Exactly reproduce all the records, keeping pictures out of the copy.
= = =
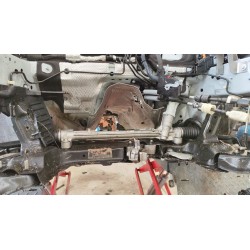 CREMALLERA DIRECCION 2829308 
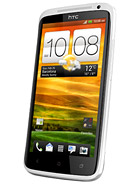 Best available price of HTC One XL in Sierraleone
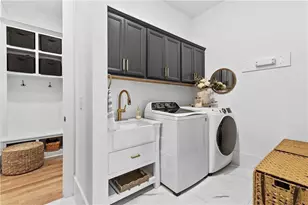 222 Jackson Heights Ln, Marietta, GA 30064 - Photo 32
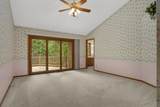 27125 Hamburg Avenue - Photo 25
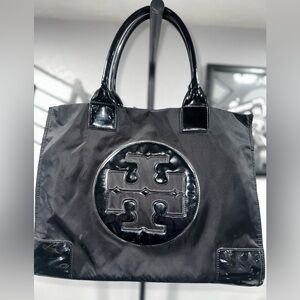 Tory Burch Bag Ella Tote Bag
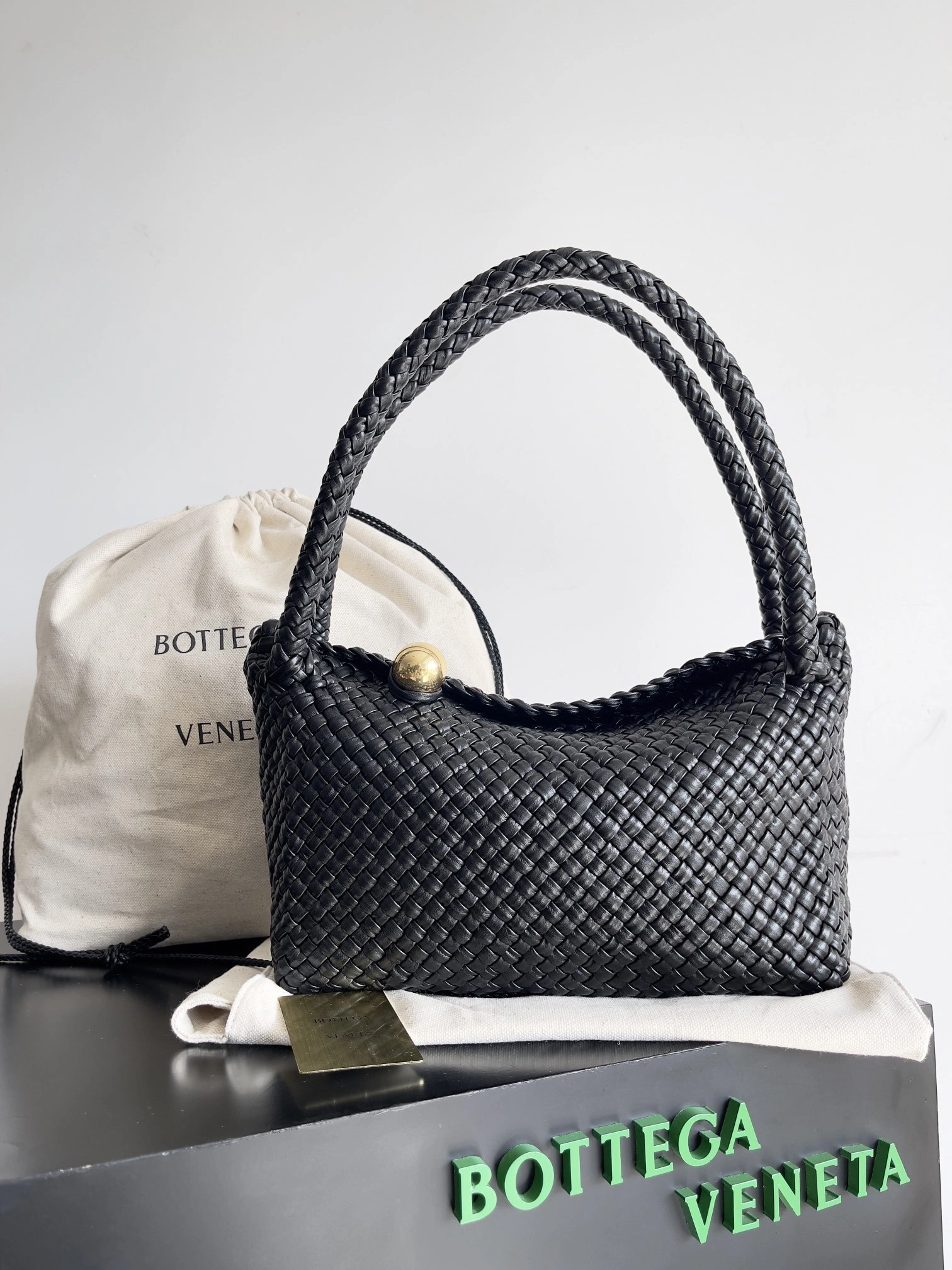 Custombag-- V595t1 716974V2EZ01019 counters quality item:D-B063I0950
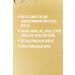 Restorex Care Shampoo 7 Nourishing Oils 500 Ml 5 Pieces - Buy Online on GoSupps.com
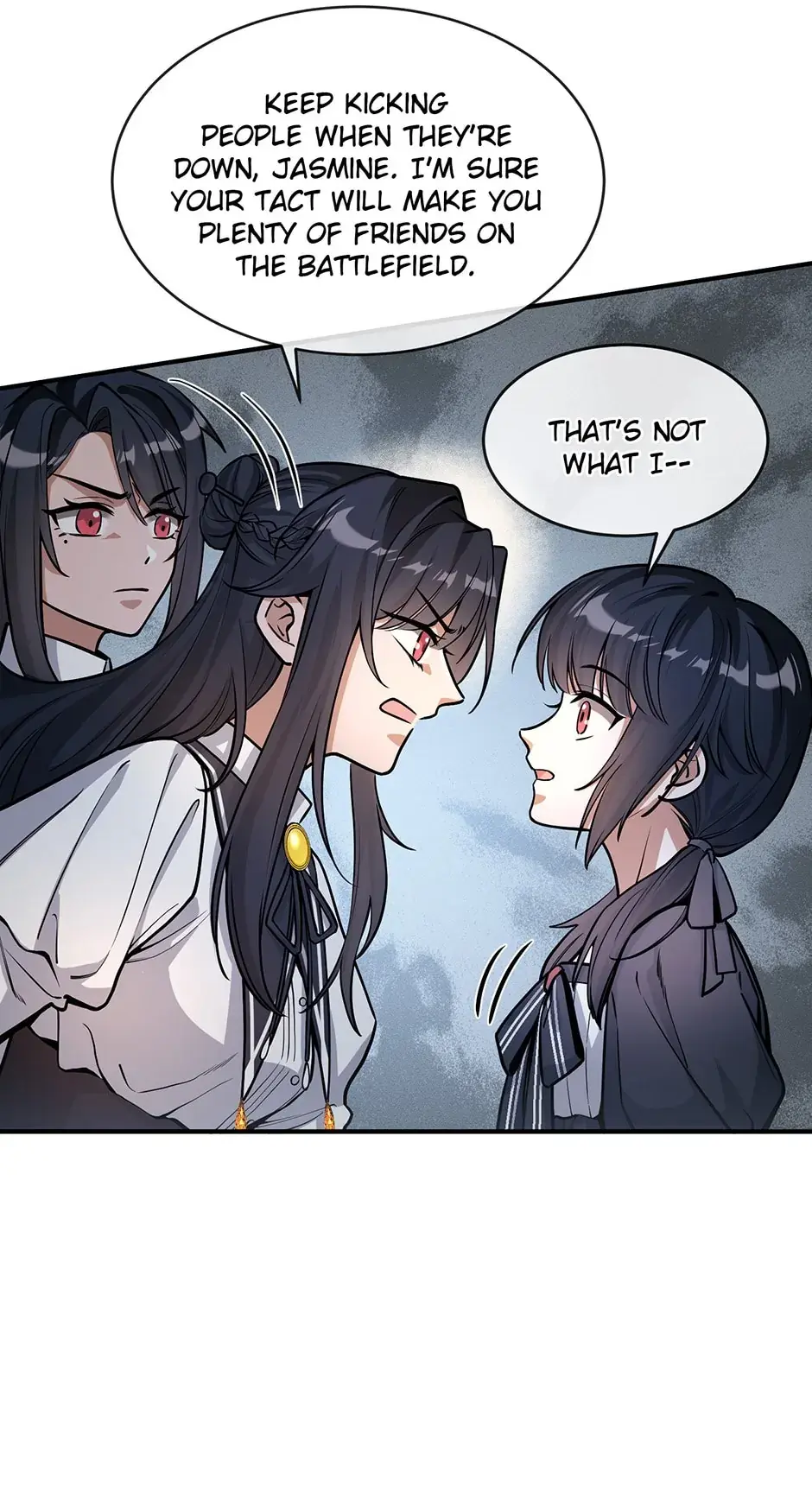 Read The Beginning After the End chapter 175.08 image 29 on Lezhin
= = =
> _Written reply_
 CREMALLERA DIRECCION 2829308 
 Best available price of HTC One XL in Sierraleone
 222 Jackson Heights Ln, Marietta, GA 30064 - Photo 32
 27125 Hamburg Avenue - Photo 25
 Tory Burch Bag Ella Tote Bag
 Custombag-- V595t1 716974V2EZ01019 counters quality item:D-B063I0950
 Restorex Care Shampoo 7 Nourishing Oils 500 Ml 5 Pieces - Buy Online on GoSupps.com
 Read The Beginning After the End chapter 175.08 image 29 on Lezhin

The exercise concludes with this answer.